Il existe une vieille blague juive : deux Juifs font naufrage sur une île déserte. Lorsqu’ils sont secourus, des années plus tard, les sauveteurs découvrent trois synagogues. Perplexes, ils demandent pourquoi. L’un des survivants explique : l’une est sa synagogue, l’autre est celle de son compagnon d’infortune et la troisième est celle où ni l’un ni l’autre ne mettrait jamais les pieds.
Les Juifs ne se sont jamais entendus sur ce que signifie être juif. Pourtant, ces désaccords sont de plus en plus perçus comme des preuves de haine.
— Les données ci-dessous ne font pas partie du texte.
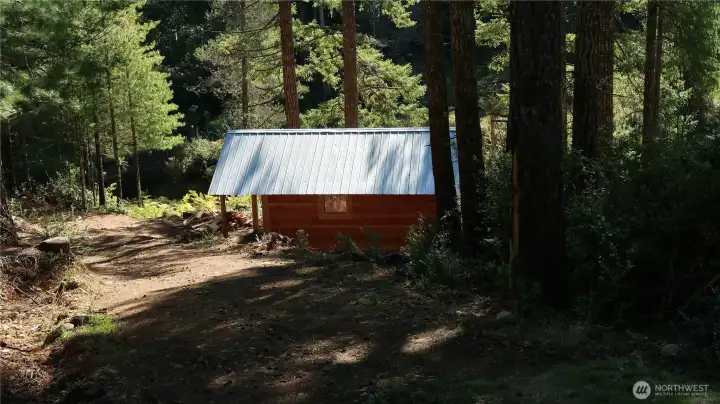 shed going down the driveway.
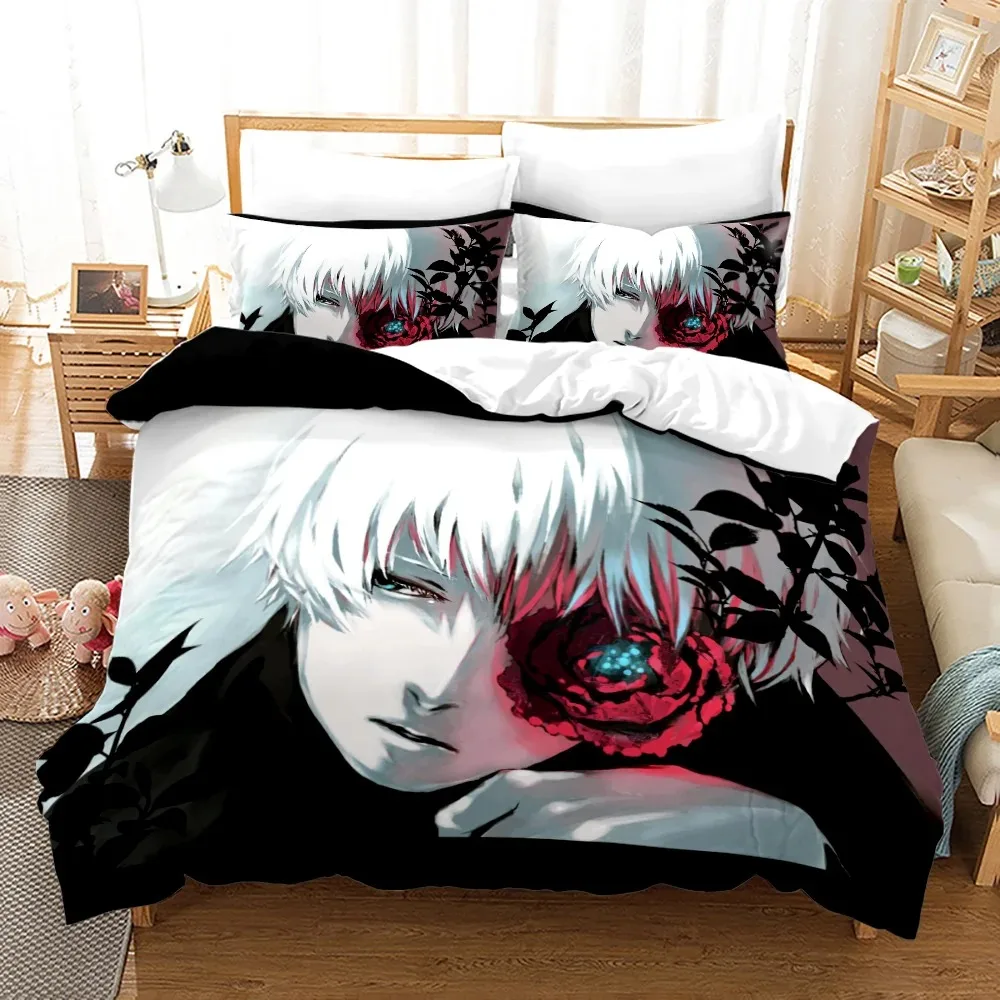 2014 Tokyo Ghoul Bedding Set Single Twin Full Queen King Size Hip Hop Anime Bed Set Teenager Bedroom Duvetcover Sets 3D Print 02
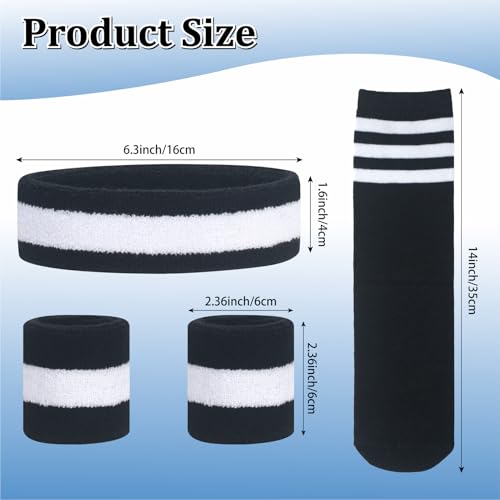 ONUPGO 5 Pieces Kids Sweatbands Soccer Socks Set - Sports Headband, Wristbands, Striped High Socks for Kids, Youth,Toddler & Baby - Football, Basketball, Running, Cycling, Tennis - color: Black/White/Black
La semaine dernière, le gouvernement fédéral a publié un rapport sur l’antisémitisme sur les campus et l’expérience étudiante (ACEE)1. Commandé par le ministère du Patrimoine canadien et réalisé par l’Association d’études canadiennes, ce rapport a sondé environ 900 étudiants juifs.
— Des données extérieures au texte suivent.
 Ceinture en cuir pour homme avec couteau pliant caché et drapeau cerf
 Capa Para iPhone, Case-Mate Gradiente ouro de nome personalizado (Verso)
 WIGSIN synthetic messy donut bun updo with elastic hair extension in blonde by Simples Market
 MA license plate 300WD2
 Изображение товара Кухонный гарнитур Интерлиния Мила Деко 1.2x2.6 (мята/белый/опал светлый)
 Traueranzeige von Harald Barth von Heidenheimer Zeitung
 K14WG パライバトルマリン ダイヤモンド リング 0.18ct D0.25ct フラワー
Les chiffres sont alarmants. Près de 96 % des participants disent avoir vécu un incident antisémite ou en avoir été témoins au cours de l’année ; 70 % estiment que leur université ne prend pas le problème au sérieux. Le rapport documente des incidents troublants : des croix gammées dans les toilettes, du négationnisme de l’Holocauste en salle de classe, des étudiants ayant reçu des crachats pour avoir porté une étoile de David, un professeur qui aurait qualifié Hitler de héros.